__What is required__: Could you transcribe each entry below exactly, minus the images?

__Exercise data__:
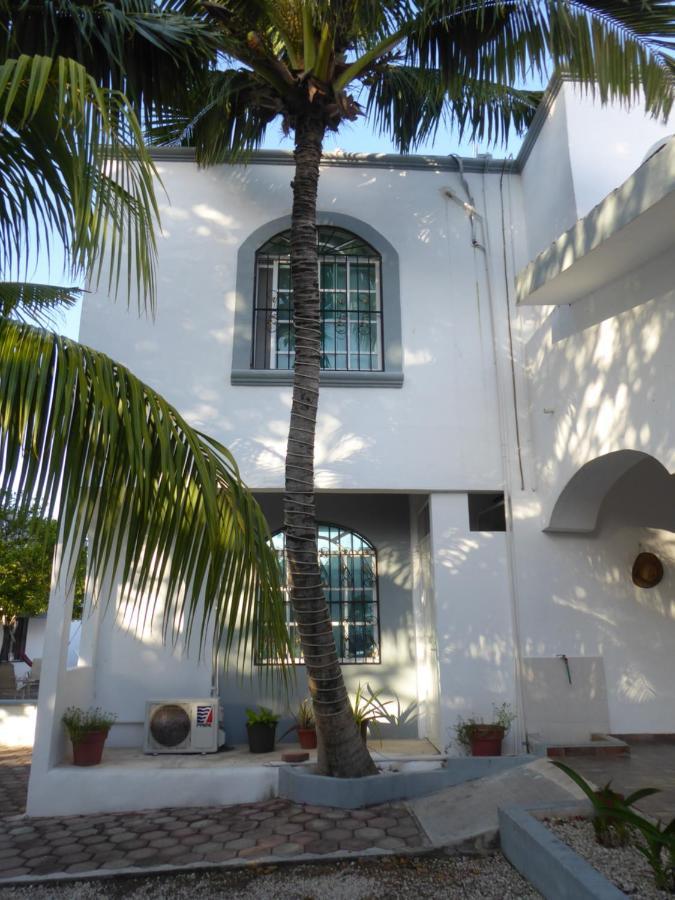 Claro De Luna Playa del Carmen Exterior photo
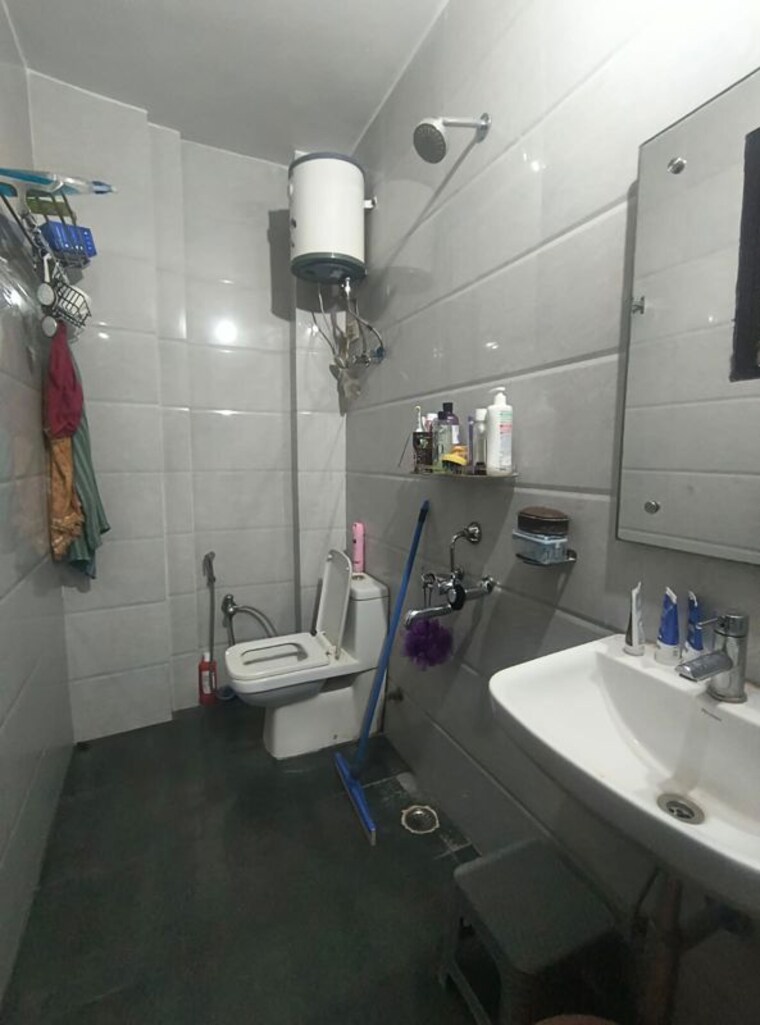 Master Bedroom, sector 45 2 Bedroom 1460 Sq.Ft. Builder Floor In Sector 45 Gurgaon 10129811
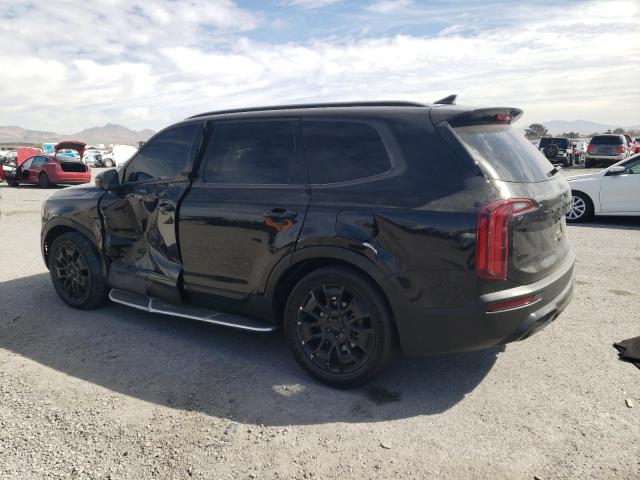 5XYP3DHC4MG120492 KIA Telluride Ex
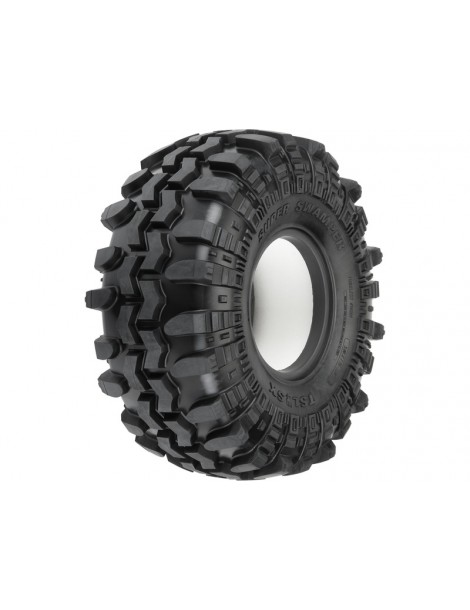 Pro-Line Tires 2.9" Interco Super Swamper G8 (2) (Axial SCX6)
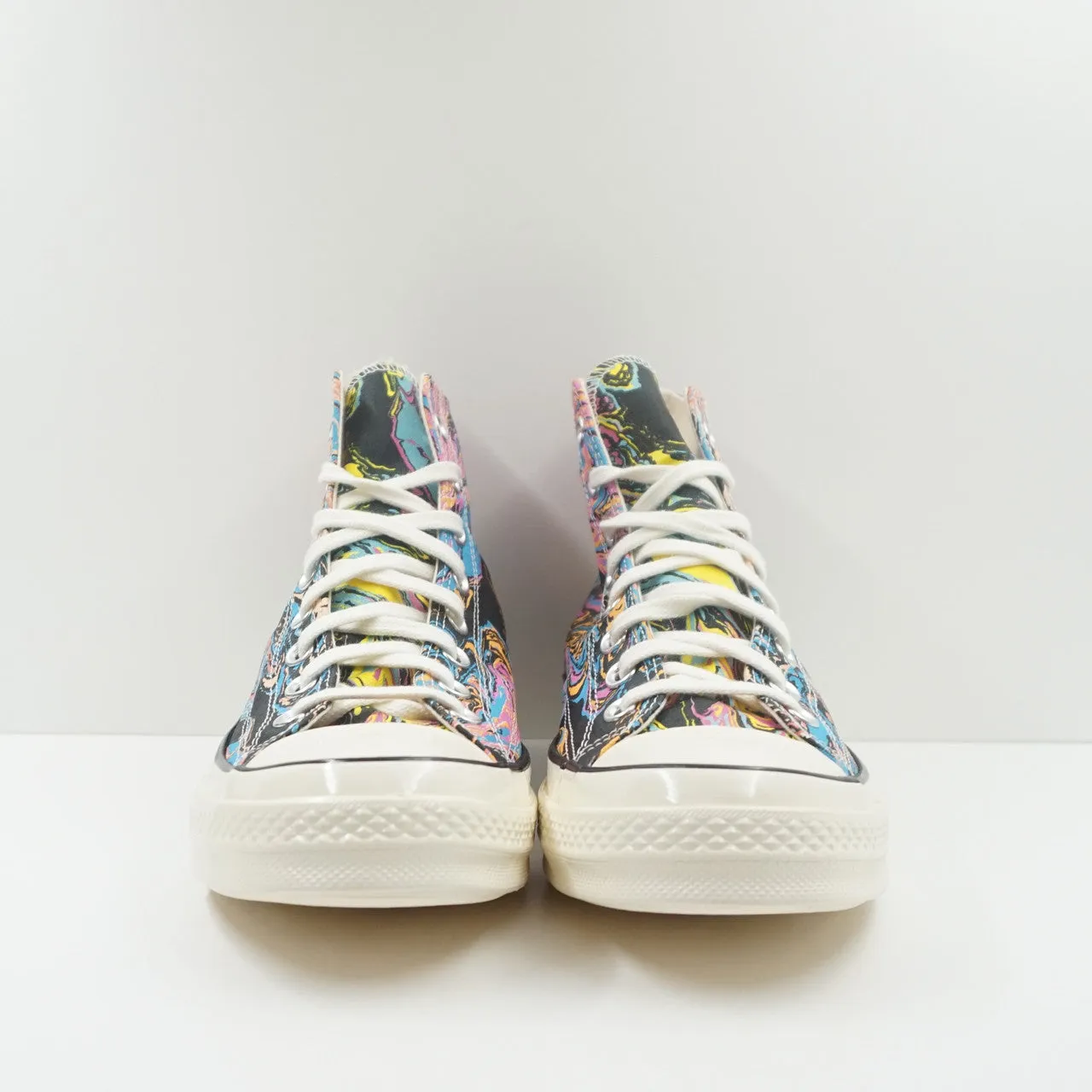 Converse Chuck Taylor All-Star 70 Hi Marble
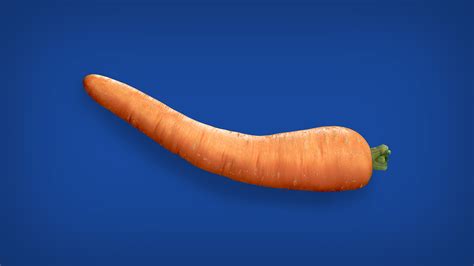 Bent Carrot Commercial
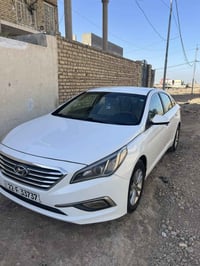 سوناتا امريكي • ٢٠١٦ • ٢٤٠٠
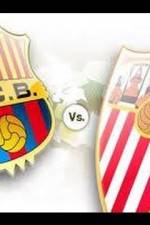 Watch Sevilla vs Barcelona 9movies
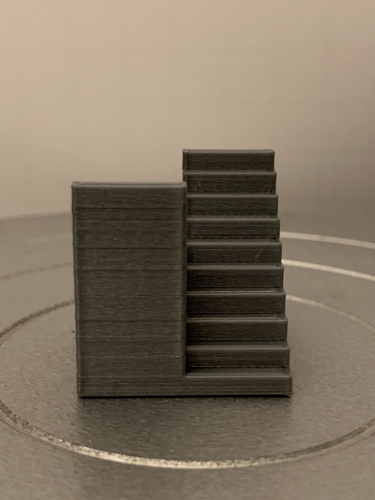 2 stairs  3D Print 468302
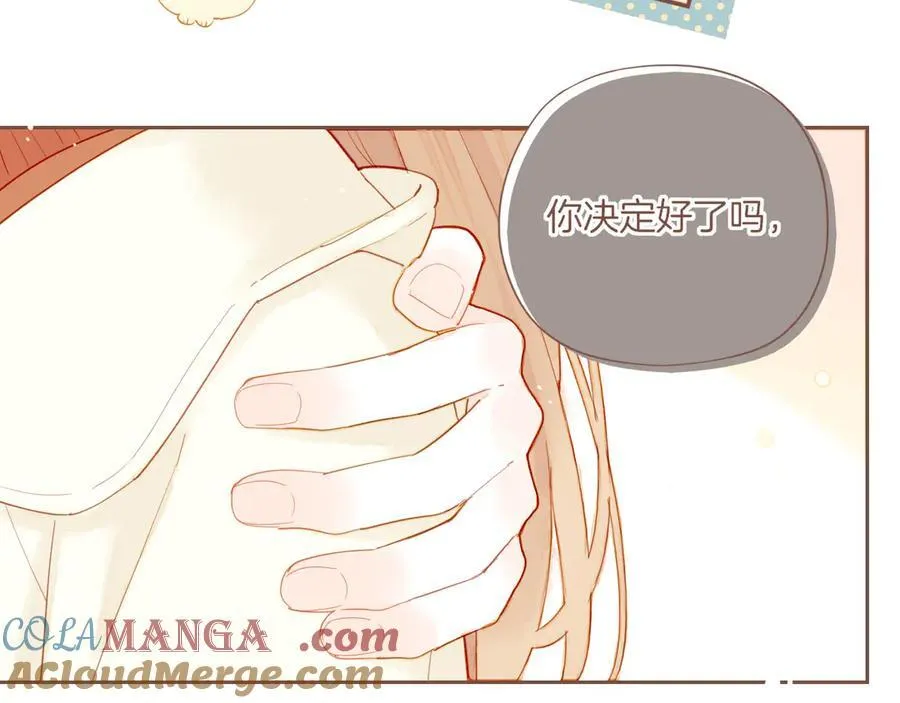 第58话 悄悄实现的愿望（上）60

__Reply__:
 Claro De Luna Playa del Carmen Exterior photo
 Master Bedroom, sector 45 2 Bedroom 1460 Sq.Ft. Builder Floor In Sector 45 Gurgaon 10129811
 5XYP3DHC4MG120492 KIA Telluride Ex
 Pro-Line Tires 2.9" Interco Super Swamper G8 (2) (Axial SCX6)
 Converse Chuck Taylor All-Star 70 Hi Marble
 Bent Carrot Commercial
 سوناتا امريكي • ٢٠١٦ • ٢٤٠٠
 Watch Sevilla vs Barcelona 9movies
 2 stairs  3D Print 468302
 第58话 悄悄实现的愿望（上）60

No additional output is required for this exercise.